● DIRECTIONS FOR THIS TASK
Leave the pictures out. Retype exactly the lines below from the one containing "Today, we're diving" through the one containing "We know the", and no others.

(SUPPLIED MATERIAL Opens)

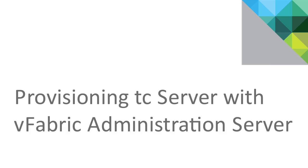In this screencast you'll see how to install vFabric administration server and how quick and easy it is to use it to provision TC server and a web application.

(SUPPLIED MATERIAL Closes)
(SUPPLIED MATERIAL Opens)

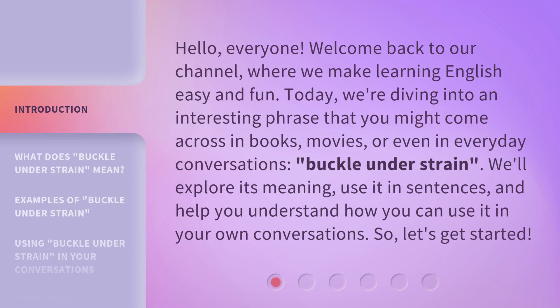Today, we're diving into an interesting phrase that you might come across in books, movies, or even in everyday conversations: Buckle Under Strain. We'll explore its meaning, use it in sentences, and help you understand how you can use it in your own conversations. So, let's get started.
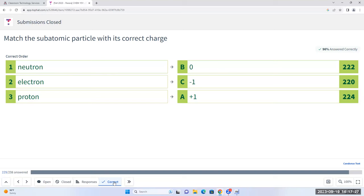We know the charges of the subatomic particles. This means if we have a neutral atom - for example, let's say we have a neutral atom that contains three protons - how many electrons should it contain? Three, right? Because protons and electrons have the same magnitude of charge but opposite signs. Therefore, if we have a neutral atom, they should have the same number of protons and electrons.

(SUPPLIED MATERIAL Closes)
(SUPPLIED MATERIAL Opens)

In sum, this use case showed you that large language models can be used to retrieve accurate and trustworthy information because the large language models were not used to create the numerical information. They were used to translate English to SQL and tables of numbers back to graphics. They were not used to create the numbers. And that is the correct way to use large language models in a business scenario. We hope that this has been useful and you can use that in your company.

(SUPPLIED MATERIAL Closes)

● PROBLEM SOLUTION
Today, we're diving into an interesting phrase that you might come across in books, movies, or even in everyday conversations: Buckle Under Strain. We'll explore its meaning, use it in sentences, and help you understand how you can use it in your own conversations. So, let's get started.
We know the charges of the subatomic particles. This means if we have a neutral atom - for example, let's say we have a neutral atom that contains three protons - how many electrons should it contain? Three, right? Because protons and electrons have the same magnitude of charge but opposite signs. Therefore, if we have a neutral atom, they should have the same number of protons and electrons.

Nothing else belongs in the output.